Bleuler verlegte er sich auf die zu seiner Zeit beliebten Schweizeransichten (namentlich nach Ludwig Hess). Er fertigte weiter eigene Landschaftsgouachen, so von Blankenburg in der Schweiz. Um 1820 wird ein Landschaftspanorama der Hansestadt Lübeck vom Pariner Berg aus gesehen datiert.[1] Aquarelle Bleulers befinden sich in der Bühlmannschen Sammlung im Eidgenössischen Polytechnikum Zürich. In den letzten Lebensjahren widmete sich Bleuler vorwiegend der Blumenmalerei.

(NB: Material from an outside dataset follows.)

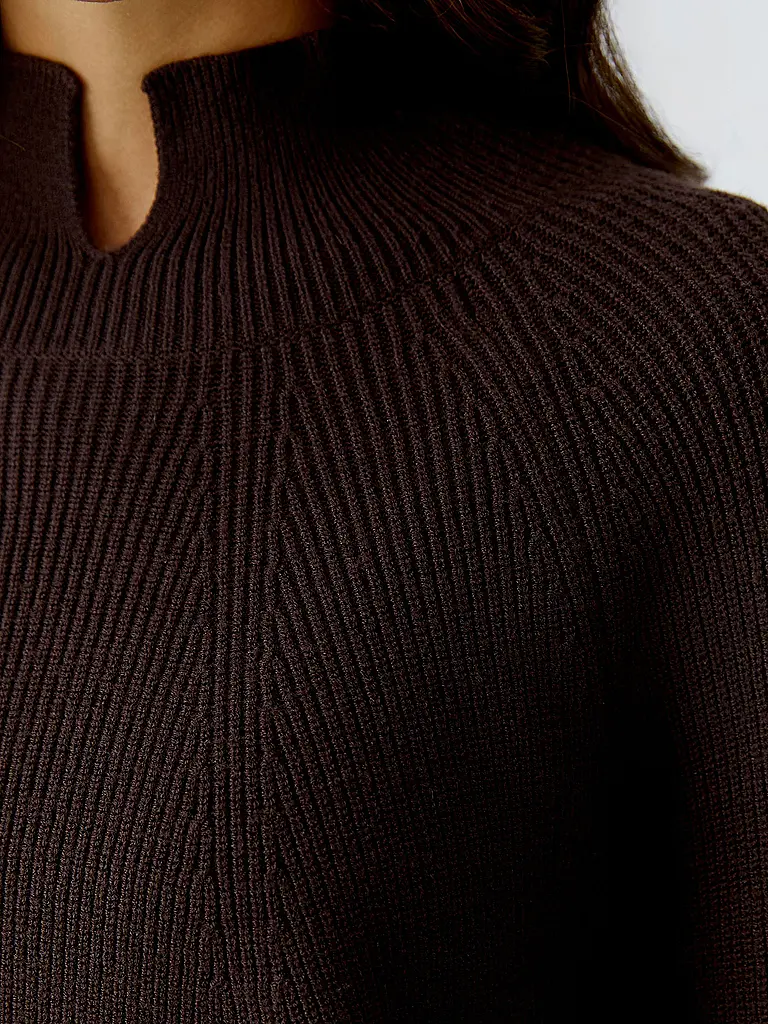 OUÍ | Jersey | Marrón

Die Bleulerische Malschule[Bearbeiten]

Der vermögende Johann Heinrich Bleuler hatte vier Kinder. Sein gleichnamiger ältester Sohn Johann Heinrich Bleuler der Jüngere (1787–1857) gilt als der bedeutendste Spross der Familie und reüssierte als Vedutenmaler in Deutschland. Der zweite Sohn Johann Ludwig Bleuler (1792–1850) war als Landschaftszeichner und Kunsthändler in Schaffhausen und Laufen tätig.[2] Bleuler nahm zwei seiner Patenkinder nach dem Tod ihrer Eltern in den Hausstand auf und unterrichtete sie in der Malerei, den 1774 geborenen Johann Heinrich Uster (1774–1866), der Bleulers Tochter Karoline ehelichte, und den 1785 geborenen Johann Heinrich Wirz (1785–1866). Weiter adoptierte Bleuler Anna Bose, die nach der Heirat mit Johann Heinrich Wirz als Nanette (Anna) Wirz-Bleuler (1783–1851) als Gouachenmalerin tätig war.[3] Insgesamt sind etwa 25 Künstler bekannt, die aus der Bleulerischen Malschule hervorgingen.

Werke[Bearbeiten]

  • Die Roten Berge (zwischen 1804 und 1820, 32 × 47 cm, gouachierte Umrissradierung auf Papier, heute im Museum Haus Martfeld in Schwelm)[4]

Literatur[Bearbeiten]

  • Thieme-Becker: Allgemeines Lexikon der bildenden Künstler, Band 4, Leipzig 1910, S. 115
  • U. Isler-Hungerbühler: Die Maler vom Schloß Laufen. Zürich 1953
  • Gustav Lindtke: Alte Lübecker Stadtansichten. Katalog. Lübecker Museumshefte, Heft 7, Lübeck 1968.
  • Robert Pfaff: Die Bleuler Malschule auf Schloss Laufen am Rheinfall, Kuhn-Druck AG, Neuhausen am Rheinfall, 1985.

Weblinks[Bearbeiten]

 Commons: Johann Heinrich Bleuler – Sammlung von Bildern, Videos und Audiodateien

Einzelnachweise[Bearbeiten]

  1. Gustav Lindtke: Zu einem alten Landschaftspamorama. In Der Wagen 1960, S. 60–65 (mit Abbildung); 100 x 380 cm, Öl auf Leinwand, seit 1921 im St.-Annen-Museum Lübeck.
  2. vgl. Thieme-Becker, Band 4, S. 115 (nach dem Vater)
  3. Ernst Heinrich Toelken: Berliner Kunstblatt, Band 1, Berlin, 1828, S. 148ff.
  4. Peter, Anne: Das Museum stellt vor (13): Die „Roten Berge“. In: Beiträge zur Heimatkunde der Stadt Schwelm und ihrer Umgebung. Nr. 44, 1994. S. 140–143.